Swarbrick was urging Government MPs to support her bill sanctioning Israel, saying: “If we find six of 68 Government MPs with a spine, we can stand on the right side of history”.
Speaker Gerry Brownlee told her to apologise. When she refused, she was kicked out of the House and barred for a week.
When Swarbrick returned to the House today, a similar scenario played out.
Brownlee again asked her to apologise and kicked her out when she refused. He also “named” her, among the harshest penalties a Speaker can dish out on the spot and results in her pay being docked.
As she left the House, she said: “Free Palestine”.
After Swarbrick left the chamber, other MPs questioned the Speaker’s decision to name Swarbrick.
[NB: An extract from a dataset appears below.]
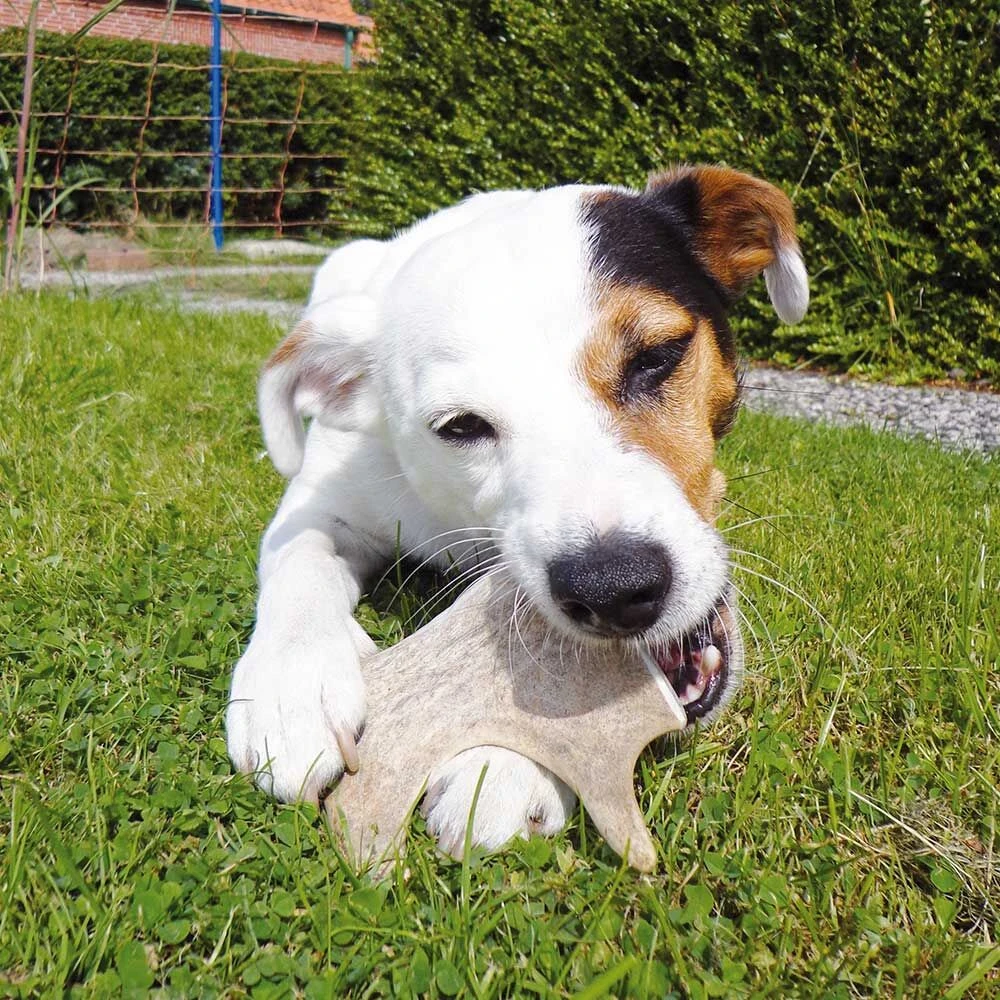 DOGREFORM Damhert-gewei-snack 4 DOGREFORM Damhert-gewei-snack - Afbeelding 4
Labour MP Willie Jackson said he had been kicked out but not barred from the House for twice calling David Seymour a liar. He noted this incident, in which Swarbrick has been very seriously disciplined, did not sit well with that precedent.
Te Pāti Māori co-leader Debbie Ngarewa-Packer referred to Act MP Brooke Van Velden’s use of the word c**t in the House without punishment.
Labour leader Chris Hipkins said a Speaker’s Ruling from Jonathan Hunt was that when the MP leaves the chamber on the day the original incident occurred, the matter was considered over.
But Brownlee said a new ruling, from 2017, superseded that.
Labour leader Chris Hipkins said the matter should have been considered over when Chlöe Swarbrick left the house on Tuesday.
Photo / Mark Mitchell
Speaking to reporters outside the debating chamber, the Greens co-leader said the punishment was unprecedented and the Speaker was not treating her party fairly.
MPs had said far more egregious things in the House before without facing such a tough punishment, she said.
“As far as I am aware, there is no situation in which a Speaker has asked for somebody to withdraw and apologise, that person has refused to apologise, then been ordered to leave the house ... and the person has complied.”